Nesse contexto, só o fato de ser o imóvel residencial, bem único do executado, sobre ele, necessariamente, incidirão as normas da Lei n. 8.009/1990, aplicando-se o instituto da impenhorabilidade legal.
Ademais, ainda que se tratasse de imóvel voluntariamente instituído como bem de família (regime do Código Civil), sendo o único bem imóvel do executado, a proteção conferida pela Lei n. 8.009/1990 se estenderia ao bem, de maneira simultânea, e, nessa extensão, é capaz de preservar o bem da penhora de dívidas constituídas anteriormente à instituição voluntária.
Portanto, conforme esclarecido, ambos os tipos de bens de família se complementam e coexistem harmoniosamente no Ordenamento Jurídico.
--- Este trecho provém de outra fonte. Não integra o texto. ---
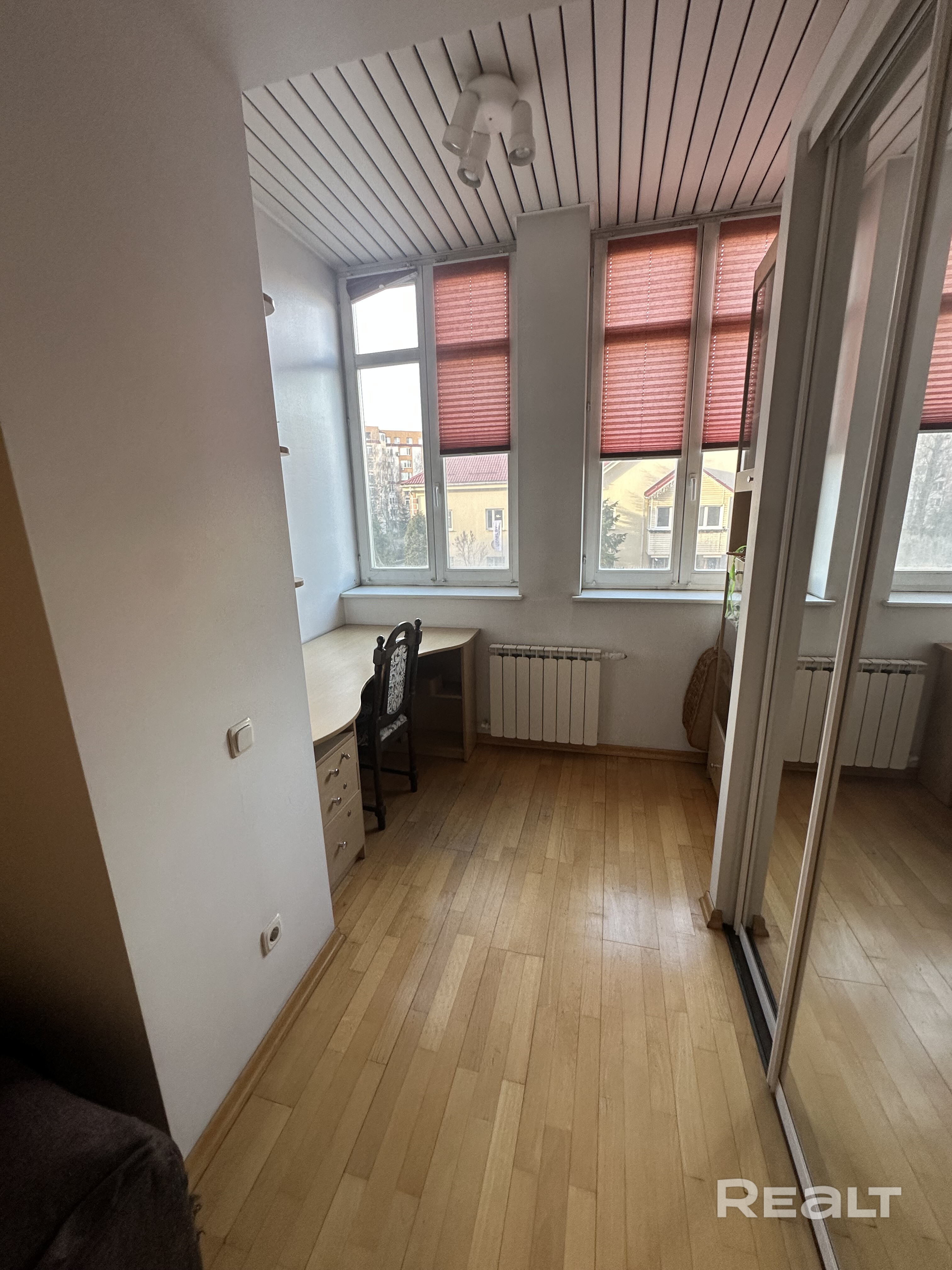 Продается квартира 130 кв.м. с парковочным местом в паркинге. 2 этаж, закрытая территория, двор. Тихая улица в центре, рядом парк и магазины. -распашонка, нет окна в окна; -потолки 3.50 м.; -Приточно-вытяжная по всей квартире; -шумоизоляция отличная, кирпичный дом (не как новостройки); -просторная и светлая; -паркинг в подарок; В квартируу можно заезжать и жить. 2 квартиры на этаже, произведен капитальный ремонт входной группы ПИШИТЕ СООБЩЕНИЯ, не часто бываю в РБ - Ansicht 5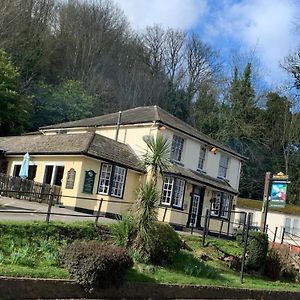 Railway Inn Malvern Wells Exterior photo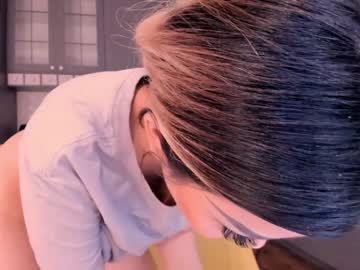 latina cam girl bae_suz image #1036761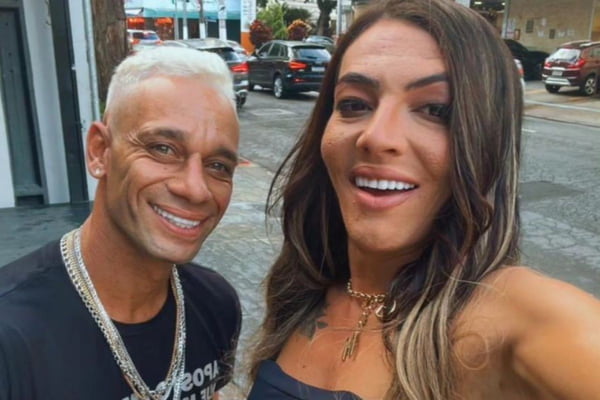 Casal sorrindo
Sendo que, sua natureza impenhorável existirá enquanto houver ética e boa-fé do instituidor, mesmo que adquirido o imóvel em meio à um processo de execução.
Escrito por [1]Diogo Karl Rodrigues, advogado do Karl Advogados.
[1] Sócio Fundador/Advogado do Karl Advogados
[2] Art. 1.711. Podem os cônjuges, ou a entidade familiar, mediante escritura pública ou testamento, destinar parte de seu patrimônio para instituir bem de família, desde que não ultrapasse um terço do patrimônio líquido existente ao tempo da instituição, mantidas as regras sobre a impenhorabilidade do imóvel residencial estabelecida em lei especial.
[3] Art. 1.722. Extingue-se, igualmente, o bem de família com a morte de ambos os cônjuges e a maioridade dos filhos, desde que não sujeitos a curatela.